AmO

Ella era una letra mayúscula, femenina, presumida y elegante. Él era un rosco redondo, romo, tosco y más bien simple. Ella estaba sobre la página treinta, al empezar el capítulo que se refiere al amor, y él en la treinta y uno miraba hacia todos los lados. Coincidían justamente, pues estaban situadas en la misma latitud y en la longitud complementaria del principio y el final de las líneas de sus dos páginas. Cuando el libro quedó abierto se vieron en la distancia y supieron que en el sitio en el que estaban ya siempre coincidirían. Él estaba precedido por la "L", que era alta y desgarbada, y seguido de una “S”, que exhibía su silbante y sinuoso trazado por el suelo de la línea. Ella se daba un garbeo con la "H", la letra que había lucido un estrecho miriñaque que le llegaba a los pies, mientra ambas eran niñas, y que era su confidente, pues siempre callaba y callaba, ahora que habían crecido. El caso es que se miraron, estimaron el sentido de su destino ya escrito, y decidieron unirse, sin pensar en conocerse sólo un poco. Las letras se comprometieron y esperaron el contacto. El reencuentro no tardó. Apenas pasado un minuto, entraron en intimidad. Supieron que estaban presas en cárcel de papel couché, pero aceptaron su celda, de modo que en la estantería dejaron pasar el tiempo, mientras el polvo crecía en su alma de tinta negra y las hojas amarilleaban, viviendo en la oscuridad.
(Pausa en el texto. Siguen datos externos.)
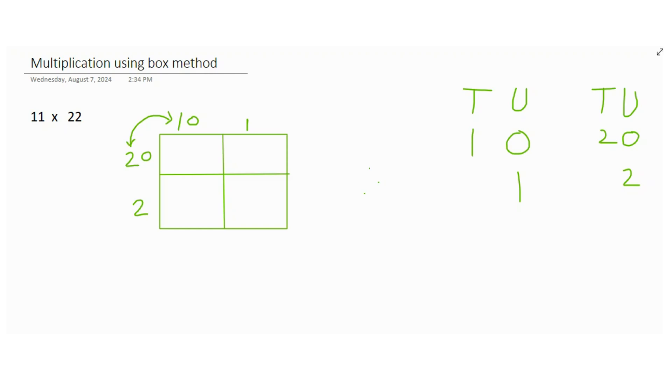You can ignore the zeros, just count down how many zeros you see across them. Two zeros, just put two zeros here. And then you multiply just the leftover number without the zero with the other leftover number on the other side. So 2 times 1 is 2, so you got 200.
A veces se preguntaban si estaban allí condenadas y el por qué de todo aquello, más nunca tuvieron respuesta.
Un día de lluvia fina, un joven consultó el libro. Leyó el prólogo, avanzó en la trama y llegó hasta la página treinta. Se vieron por segunda vez. Seguían en el mismo sitio. Se escuchó a la voz leyendo y después cayó una lágrima sobre el vientre de la letra, que sintió latir su pecho y un fuego nuevo en sus venas.
Cuando el lector avanzó y las páginas contiguas volvieron a tocarse, él la buscó en su sitio, pero ya no la encontró. Ignorante del suceso, esperó sin esperanza que su amada apareciera y escarbó como un poseso en el hueco humedecido. En vano fue todo su esfuerzo. Nunca volvió a palpar sus largas y abiertas piernas ni el gracioso cinturón horizontal que las cruzaba, nunca volvió a escuchar ese rumor a mar que impregnaba su presencia ni volvió a sentir el pincho de su pico puntiagudo en su redonda cerviz. 
Decenas de años después, el papel amarillento se comió el color oscuro del orondo y negro rosco y cientos de años más tarde una tribu de xilófagos borró el paisaje sin tinta en el que estuvieron las letras, antes del fin del fin.